--- What you need to do ---
From the first line to the last, repeat the records exactly and skip the pictures.

[Captioned web image data]
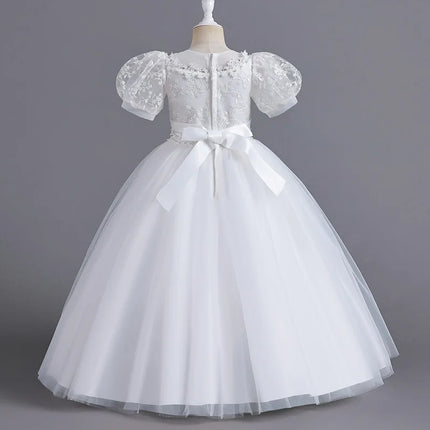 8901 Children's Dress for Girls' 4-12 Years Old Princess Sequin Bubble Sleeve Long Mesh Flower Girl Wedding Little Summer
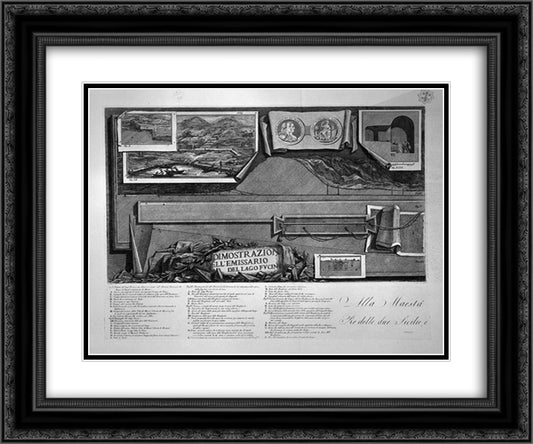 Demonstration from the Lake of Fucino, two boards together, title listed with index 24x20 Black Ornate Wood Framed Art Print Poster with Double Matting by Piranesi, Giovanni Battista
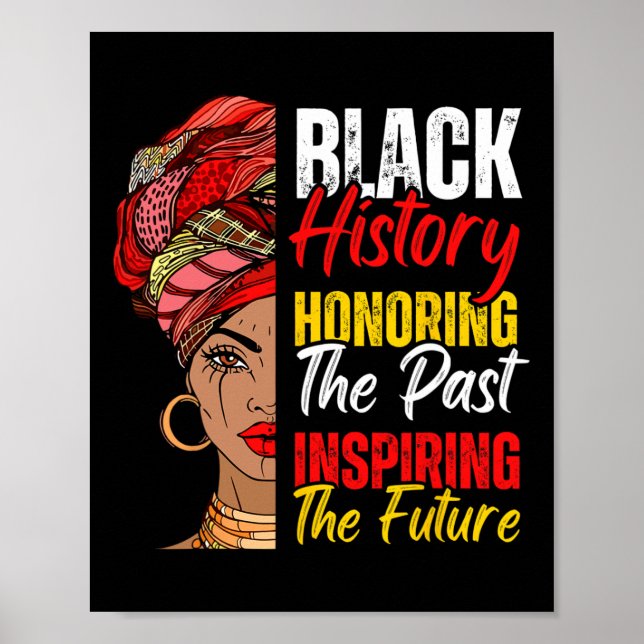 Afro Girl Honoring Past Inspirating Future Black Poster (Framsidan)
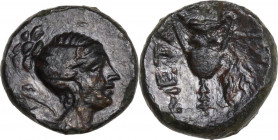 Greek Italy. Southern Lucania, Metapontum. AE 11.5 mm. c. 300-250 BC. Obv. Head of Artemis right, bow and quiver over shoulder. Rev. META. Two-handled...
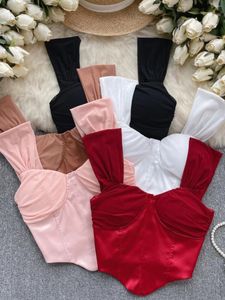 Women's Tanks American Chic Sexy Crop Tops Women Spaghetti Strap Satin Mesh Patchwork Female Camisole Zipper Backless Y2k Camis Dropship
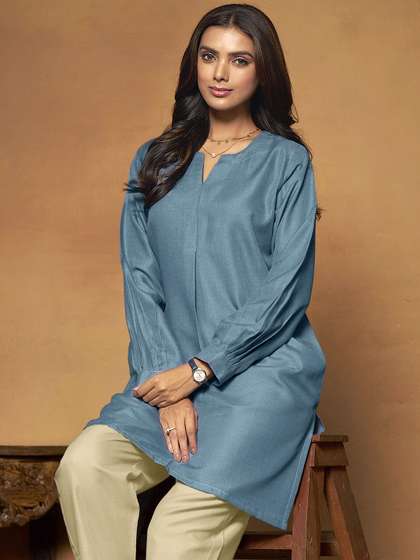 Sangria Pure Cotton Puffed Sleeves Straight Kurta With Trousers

--- Written answer ---
 8901 Children's Dress for Girls' 4-12 Years Old Princess Sequin Bubble Sleeve Long Mesh Flower Girl Wedding Little Summer
 Demonstration from the Lake of Fucino, two boards together, title listed with index 24x20 Black Ornate Wood Framed Art Print Poster with Double Matting by Piranesi, Giovanni Battista
 Afro Girl Honoring Past Inspirating Future Black Poster (Framsidan)
 Greek Italy. Southern Lucania, Metapontum. AE 11.5 mm. c. 300-250 BC. Obv. Head of Artemis right, bow and quiver over shoulder. Rev. META. Two-handled...
 Women's Tanks American Chic Sexy Crop Tops Women Spaghetti Strap Satin Mesh Patchwork Female Camisole Zipper Backless Y2k Camis Dropship
 Sangria Pure Cotton Puffed Sleeves Straight Kurta With Trousers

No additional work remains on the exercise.